Les économies ainsi espérées sur le régime des fonctionnaires grâce à la réforme Macron-Borne-Ciotti pourraient atteindre quelques 17 milliards d’euros, chiffre que le gouvernement n’affiche pourtant jamais et qui démontre ainsi en creux que l’objectif du projet n’est en rien la sauvegarde d’un système par répartition prétendument menacé de faillite (le COR et les économistes s’accordent à dire que c’est faux ou tout le moins « très exagéré » pour les plus indulgents) mais bien une diminution des dépenses publiques.
Les arguments du gouvernement sont concernant le rapport de l’État au régime général de plus en plus tendancieux : ainsi Bruno Le Maire prétend que l’État mettrait déjà au pot pour réduire le déficit des retraites – celui-ci si l’on en croit le ministre des finances creuserait donc le déficit de l’État –, ce n’est pas le cas, l’État ne subventionne pas le régime général : il paye simplement son dû en tant qu’employeur et, au regard du projet présenté, l’objectif du gouvernement est clairement de faire baisser cette dépense au détriment des pensions des fonctionnaires.
Pour équilibrer la CNRACL, il existe des alternatives : nous proposons d’augmenter les moyens alloués aux collectivités locales et aux hôpitaux afin de leur permettre de mener à bien leurs missions en embauchant plus d’agents, ce qui augmentera conséquemment le nombre de cotisants – et tout aussi vraisemblablement la qualité du service public !
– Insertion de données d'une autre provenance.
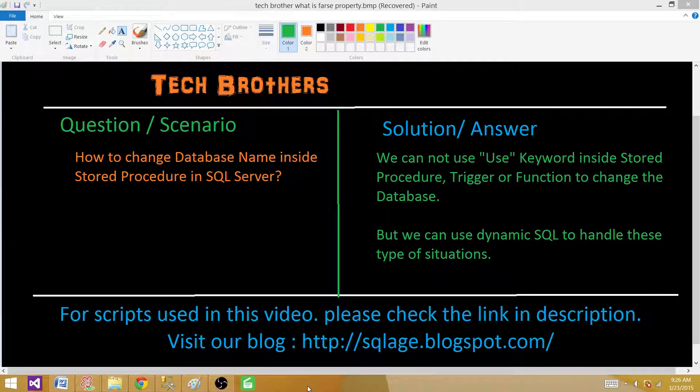Welcome to Tech Brothers with Amir. Today we are going to answer this question and perform a demo: how to change database name inside a stored procedure in SQL Server?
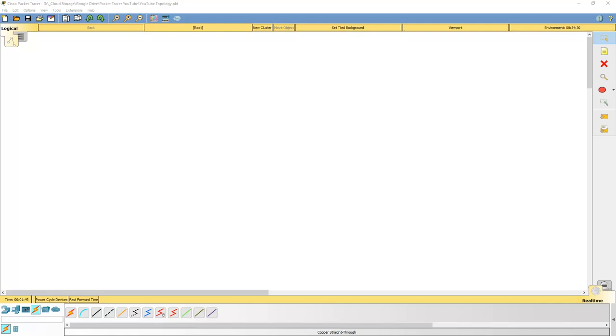Alright, so in this video I'm going to have a look at Packet Tracer made by Cisco. It's one of the coolest simulation tools you'll get your hands on and it is 100% free.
Nous alertions déjà fin 2021 sur les liens entre l’Élysée et la Commission Européenne, qui avait « recommandé » à la France de réformer le régime des retraites et de l’assurance chômage – recommandation qui avait été prise en compte dans le Plan National de Résilience et de Relance présenté le 27 avril 2021 par le gouvernement à la demande de la Commission.
L’actualité sociale fin 2022/début 2023 ne fait que confirmer ce que nous disions alors.